The subtext was inescapable. 

But Batman had no time to ponder the ironies of Selina speaking these words while he had Talia blowing on his neck talking about her need for his protection from her father… Just how many times had Talia betrayed him while all the while proclaiming her love? For that matter, how many times had Catwoman fought along side him—rescued him even—while they were ostensibly still enemies? When the chips were down, the one woman could be counted on to stand by him as surely as the other would betray him.

It was a long discussion for another day.  Tonight he needed to extract himself from this Rube Goldberg Machine that was becoming his life.  The study wouldn’t be free for some time.  He tried Alfred’s elevator next.  On reaching the butler’s pantry, he saw Tim had indeed dispatched the caterers, but the room was now occupied with Nightwing pummeling the Joker.  That was at least manageable.  He waited until Joker’s back was to the elevator door, quickly opened it, and smashed a crock pot into the madman’s temple.  Laughing boy would be out at least until the police arrived.

“Leave him,” Batman ordered as Nightwing started to tie him up, “I’ll take care of that; you take care of this.” He pulled Talia from the elevator.  Whatever Nightwing was thinking, he knew better than to speak it. 

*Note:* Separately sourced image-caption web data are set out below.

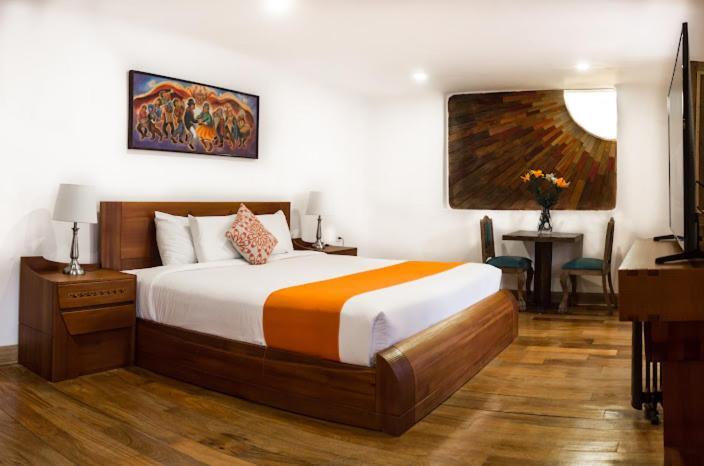 La Casona De Awaqpinta Hotel *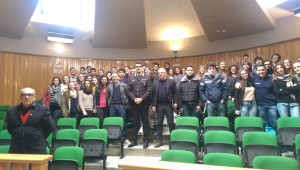conferenza Canicattini Bagni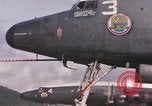 Standbild Lockheed WC-121N Flugzeuge Puerto Rico, 1966, aus Sekunde 18 historischem Filmmaterial Videoclip 65675076774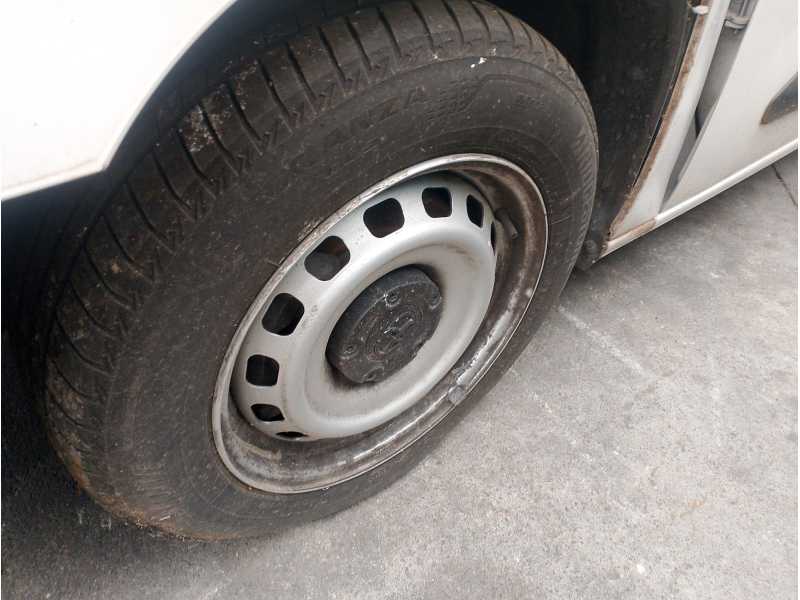 Recambio de brazo suspension inferior delantero izquierdo para toyota proace verso referencia OEM IAM SU001A9889  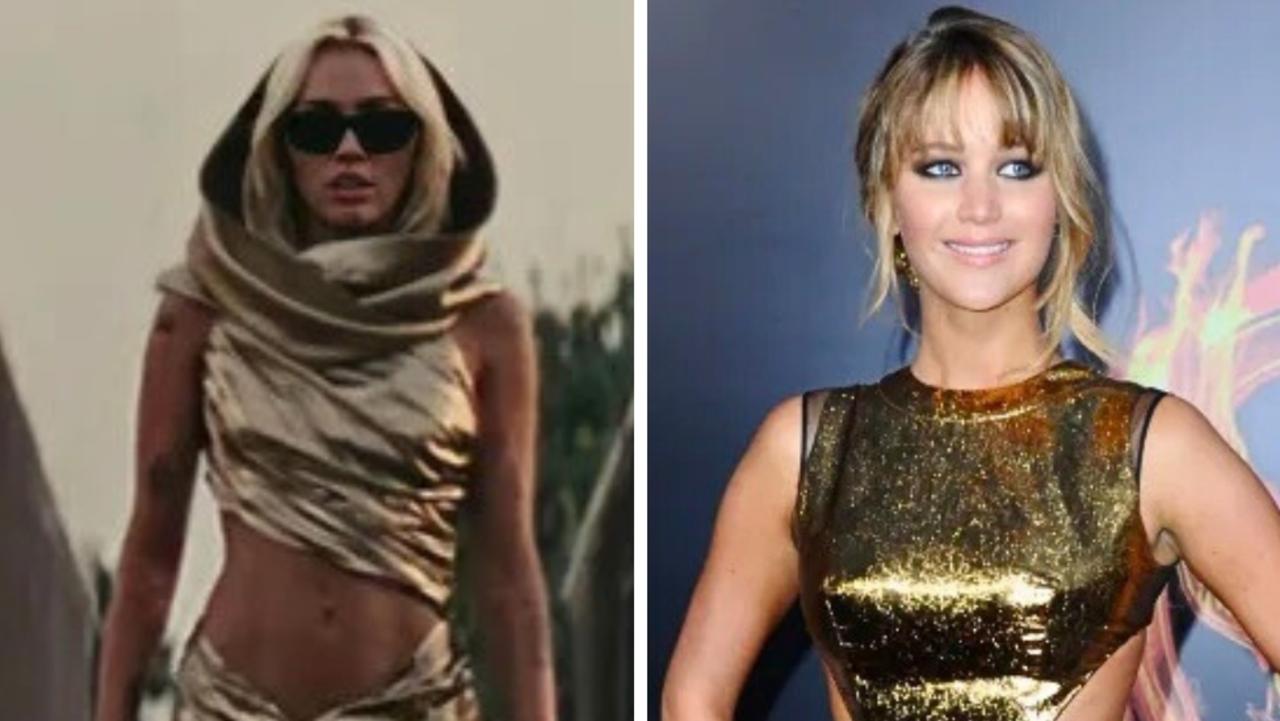 Miley finally breaks silence over feud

He tried marching Talia out the back way, but outside the kitchen door Tim was involved in some kind of heated exchange with two crazed Frenchmen. 

That left the front door—but he could hear the sirens of two squadcars pulling into the main drive. 

The French doors in the Dining Room!  

He peeked in and saw Catwoman, having given up on the intervention, was helping soothe guests still hysterical from the original Harley and Ivy mess. 

He pushed Talia behind the draperies and, catching Catwoman’s eye, mouthed the words “Cops are on the way.” 

Desperate not to be involved in the official aftermath of this event, she dashed into a handy closet to change back to Selina’s evening dress.  As the closet door closed behind her, Nightwing escorted Talia out the French doors, just as Bruce emerged from the study—tuxedo cuffs smudged with bat guano from the cave—and Officers Montoya and Bullock walked through the front door.